▶ **Work instructions**
The stretch from the line with "MAISON MARGIELA Replica" through the line with "Massimo Dutti %100" in the records below: write it out exactly, and nothing else.

▶ **Source material**
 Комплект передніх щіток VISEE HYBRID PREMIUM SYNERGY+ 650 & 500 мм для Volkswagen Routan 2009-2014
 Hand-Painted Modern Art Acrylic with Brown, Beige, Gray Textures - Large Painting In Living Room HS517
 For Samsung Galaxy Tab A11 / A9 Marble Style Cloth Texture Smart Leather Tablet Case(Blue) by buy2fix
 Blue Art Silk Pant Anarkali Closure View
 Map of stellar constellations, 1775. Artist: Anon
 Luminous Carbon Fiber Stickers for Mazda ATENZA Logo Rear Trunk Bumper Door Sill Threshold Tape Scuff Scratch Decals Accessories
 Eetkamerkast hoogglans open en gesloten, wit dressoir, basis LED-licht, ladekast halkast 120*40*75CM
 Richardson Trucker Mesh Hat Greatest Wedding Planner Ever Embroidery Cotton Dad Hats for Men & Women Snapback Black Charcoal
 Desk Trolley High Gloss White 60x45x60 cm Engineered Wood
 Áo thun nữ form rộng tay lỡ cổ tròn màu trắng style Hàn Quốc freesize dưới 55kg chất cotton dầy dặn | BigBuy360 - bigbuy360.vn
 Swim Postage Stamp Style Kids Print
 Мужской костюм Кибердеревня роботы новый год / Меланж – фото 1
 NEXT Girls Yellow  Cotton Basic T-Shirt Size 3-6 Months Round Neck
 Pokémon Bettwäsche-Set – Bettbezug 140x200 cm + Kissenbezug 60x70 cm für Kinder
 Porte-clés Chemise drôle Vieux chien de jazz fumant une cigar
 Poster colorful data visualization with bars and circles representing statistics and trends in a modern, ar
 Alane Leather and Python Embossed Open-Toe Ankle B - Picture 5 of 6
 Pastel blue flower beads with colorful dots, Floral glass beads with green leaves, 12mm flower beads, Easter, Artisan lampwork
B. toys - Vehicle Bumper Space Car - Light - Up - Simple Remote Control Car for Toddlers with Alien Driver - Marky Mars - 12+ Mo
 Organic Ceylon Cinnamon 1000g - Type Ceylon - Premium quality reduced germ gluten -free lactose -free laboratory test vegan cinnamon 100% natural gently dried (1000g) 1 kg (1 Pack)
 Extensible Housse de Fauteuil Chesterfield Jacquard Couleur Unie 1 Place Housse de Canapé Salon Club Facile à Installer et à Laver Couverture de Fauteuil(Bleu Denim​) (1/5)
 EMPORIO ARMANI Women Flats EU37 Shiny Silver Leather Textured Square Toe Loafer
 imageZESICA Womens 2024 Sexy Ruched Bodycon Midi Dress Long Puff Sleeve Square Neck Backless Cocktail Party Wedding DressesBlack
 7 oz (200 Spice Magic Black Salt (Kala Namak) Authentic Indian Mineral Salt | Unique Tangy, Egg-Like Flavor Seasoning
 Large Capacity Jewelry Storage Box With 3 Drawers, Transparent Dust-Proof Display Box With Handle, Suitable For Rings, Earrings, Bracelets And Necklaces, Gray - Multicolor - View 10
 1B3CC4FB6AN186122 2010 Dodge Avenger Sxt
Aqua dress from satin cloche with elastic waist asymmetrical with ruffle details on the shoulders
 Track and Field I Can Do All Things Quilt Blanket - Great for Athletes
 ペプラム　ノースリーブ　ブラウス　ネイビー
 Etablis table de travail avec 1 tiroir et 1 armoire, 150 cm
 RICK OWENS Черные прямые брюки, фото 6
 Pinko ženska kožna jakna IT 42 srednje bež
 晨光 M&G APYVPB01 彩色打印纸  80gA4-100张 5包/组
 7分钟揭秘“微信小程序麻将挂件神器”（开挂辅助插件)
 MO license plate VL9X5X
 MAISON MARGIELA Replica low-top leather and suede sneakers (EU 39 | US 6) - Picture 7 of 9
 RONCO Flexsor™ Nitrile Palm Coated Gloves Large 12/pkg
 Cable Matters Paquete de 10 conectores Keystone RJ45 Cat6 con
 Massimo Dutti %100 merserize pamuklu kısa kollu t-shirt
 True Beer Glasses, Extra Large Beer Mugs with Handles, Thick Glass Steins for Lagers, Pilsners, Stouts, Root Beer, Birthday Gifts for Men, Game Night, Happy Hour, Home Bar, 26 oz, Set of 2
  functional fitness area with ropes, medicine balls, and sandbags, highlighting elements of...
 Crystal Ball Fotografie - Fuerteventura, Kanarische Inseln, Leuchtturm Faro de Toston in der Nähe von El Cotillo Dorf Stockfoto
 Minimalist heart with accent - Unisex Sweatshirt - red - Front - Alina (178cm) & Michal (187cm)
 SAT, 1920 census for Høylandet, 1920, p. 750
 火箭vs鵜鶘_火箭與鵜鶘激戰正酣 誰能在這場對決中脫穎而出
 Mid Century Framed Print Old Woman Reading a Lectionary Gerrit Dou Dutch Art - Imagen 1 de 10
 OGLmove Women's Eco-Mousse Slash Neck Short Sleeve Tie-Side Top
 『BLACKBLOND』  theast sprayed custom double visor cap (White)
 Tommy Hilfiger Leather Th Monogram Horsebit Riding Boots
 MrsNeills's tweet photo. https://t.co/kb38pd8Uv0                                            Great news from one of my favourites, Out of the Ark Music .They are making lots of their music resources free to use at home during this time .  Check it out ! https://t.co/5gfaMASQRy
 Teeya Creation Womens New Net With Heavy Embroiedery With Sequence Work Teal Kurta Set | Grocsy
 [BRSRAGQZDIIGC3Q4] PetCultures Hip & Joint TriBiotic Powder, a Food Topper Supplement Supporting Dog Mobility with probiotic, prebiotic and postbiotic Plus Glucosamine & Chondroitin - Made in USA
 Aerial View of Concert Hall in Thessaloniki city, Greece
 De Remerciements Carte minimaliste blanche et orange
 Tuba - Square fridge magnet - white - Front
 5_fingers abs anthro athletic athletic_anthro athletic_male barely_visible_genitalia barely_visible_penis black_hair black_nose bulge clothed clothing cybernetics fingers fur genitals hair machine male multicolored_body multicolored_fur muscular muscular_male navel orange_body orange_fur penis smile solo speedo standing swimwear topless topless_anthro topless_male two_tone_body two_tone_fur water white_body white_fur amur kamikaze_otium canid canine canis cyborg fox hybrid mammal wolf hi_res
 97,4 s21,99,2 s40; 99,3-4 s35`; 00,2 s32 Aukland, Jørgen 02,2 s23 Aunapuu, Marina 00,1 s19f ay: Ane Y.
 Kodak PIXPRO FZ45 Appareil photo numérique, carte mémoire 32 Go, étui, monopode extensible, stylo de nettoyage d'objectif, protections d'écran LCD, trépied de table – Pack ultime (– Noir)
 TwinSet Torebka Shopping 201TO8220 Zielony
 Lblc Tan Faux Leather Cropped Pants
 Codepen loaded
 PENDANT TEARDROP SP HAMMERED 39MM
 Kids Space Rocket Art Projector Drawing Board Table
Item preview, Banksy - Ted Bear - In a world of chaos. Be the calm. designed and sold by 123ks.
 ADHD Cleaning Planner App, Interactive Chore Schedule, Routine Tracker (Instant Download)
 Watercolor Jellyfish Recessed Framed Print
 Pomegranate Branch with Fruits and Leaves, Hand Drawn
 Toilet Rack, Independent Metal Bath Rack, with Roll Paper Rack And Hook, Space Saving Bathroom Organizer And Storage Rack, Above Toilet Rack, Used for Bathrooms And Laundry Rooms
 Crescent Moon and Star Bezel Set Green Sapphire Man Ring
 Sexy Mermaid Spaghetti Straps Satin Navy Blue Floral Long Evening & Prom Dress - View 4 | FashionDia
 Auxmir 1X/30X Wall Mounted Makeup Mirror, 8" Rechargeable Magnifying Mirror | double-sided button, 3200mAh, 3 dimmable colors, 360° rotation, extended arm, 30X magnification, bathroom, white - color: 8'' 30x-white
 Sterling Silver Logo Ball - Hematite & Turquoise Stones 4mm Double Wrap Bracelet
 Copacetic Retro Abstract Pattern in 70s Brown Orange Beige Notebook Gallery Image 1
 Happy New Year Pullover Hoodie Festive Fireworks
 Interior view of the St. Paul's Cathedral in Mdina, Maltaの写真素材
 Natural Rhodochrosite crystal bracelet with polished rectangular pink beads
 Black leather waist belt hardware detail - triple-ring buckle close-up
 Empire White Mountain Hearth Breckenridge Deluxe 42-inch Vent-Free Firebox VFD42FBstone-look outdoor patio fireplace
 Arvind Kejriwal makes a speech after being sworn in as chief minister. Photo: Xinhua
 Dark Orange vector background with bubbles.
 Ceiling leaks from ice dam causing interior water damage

▶ **Expected answer**
 MAISON MARGIELA Replica low-top leather and suede sneakers (EU 39 | US 6) - Picture 7 of 9
 RONCO Flexsor™ Nitrile Palm Coated Gloves Large 12/pkg
 Cable Matters Paquete de 10 conectores Keystone RJ45 Cat6 con
 Massimo Dutti %100 merserize pamuklu kısa kollu t-shirt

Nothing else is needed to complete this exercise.